**INSTRUCTIONS TO FOLLOW**
For every line below, restate it exactly and drop the images.

**DATA SHOWN**
-=-=-=-=-

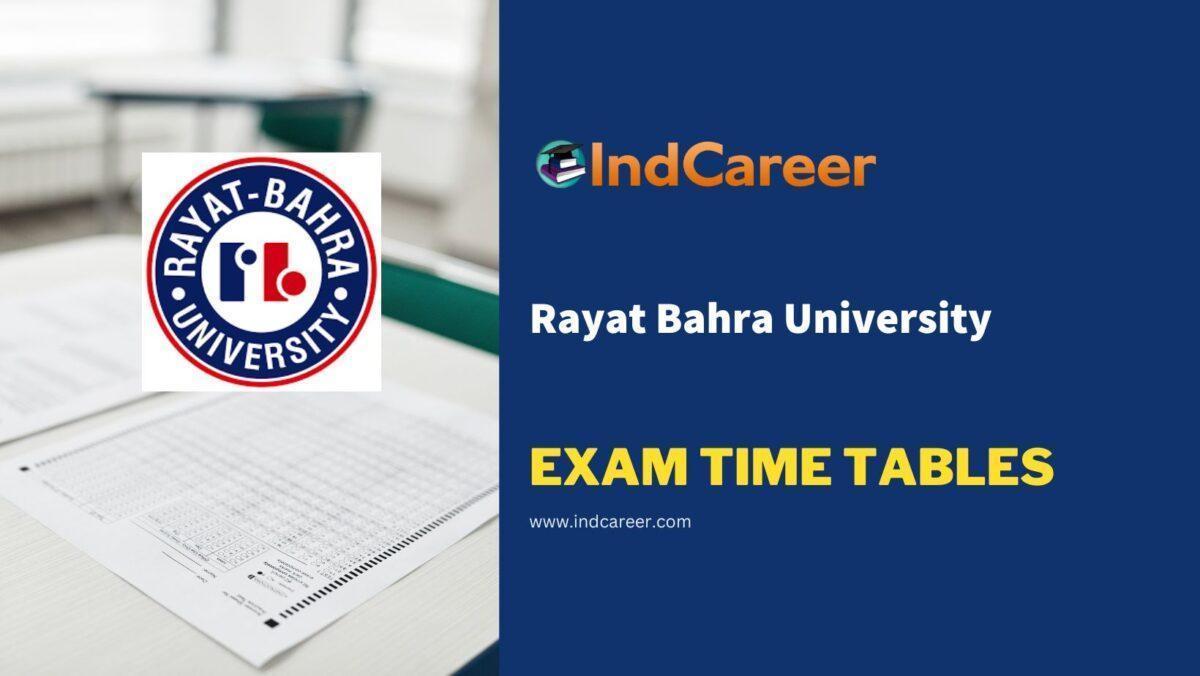 Rayat Bahra University Exam Time Tables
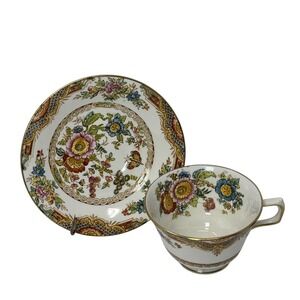 Hudson & Middleton Sutherland China Kiang Tea Cup Saucer Set Floral Gold Gilt‎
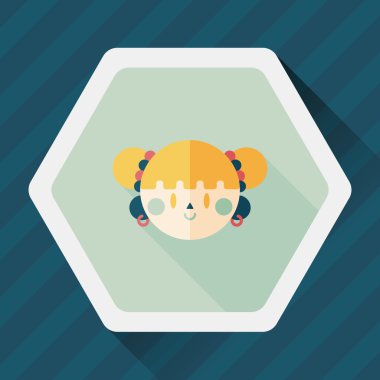 Çin yeni yılı kız uzun gölge, eps10 düz simgesiyle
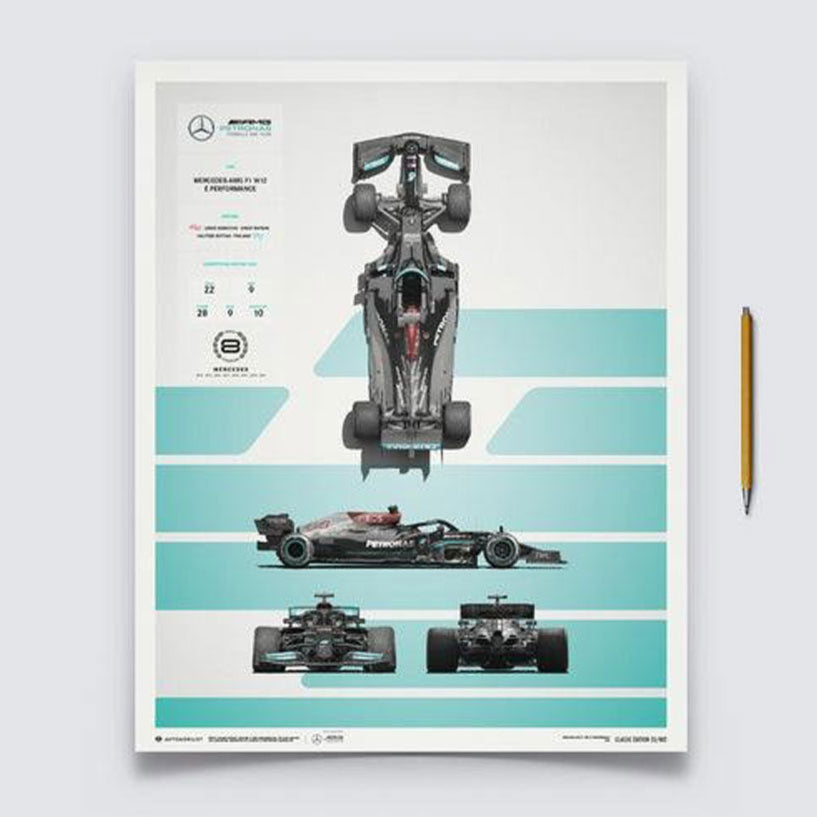 Automobilist Mercedes AMG Petronas F1 Team W12 Blueprint 2021 Print Poster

-=-=-=-=-

**RESPONSE TO THE TASK**
 Rayat Bahra University Exam Time Tables
 Hudson & Middleton Sutherland China Kiang Tea Cup Saucer Set Floral Gold Gilt‎
 Çin yeni yılı kız uzun gölge, eps10 düz simgesiyle
 Automobilist Mercedes AMG Petronas F1 Team W12 Blueprint 2021 Print Poster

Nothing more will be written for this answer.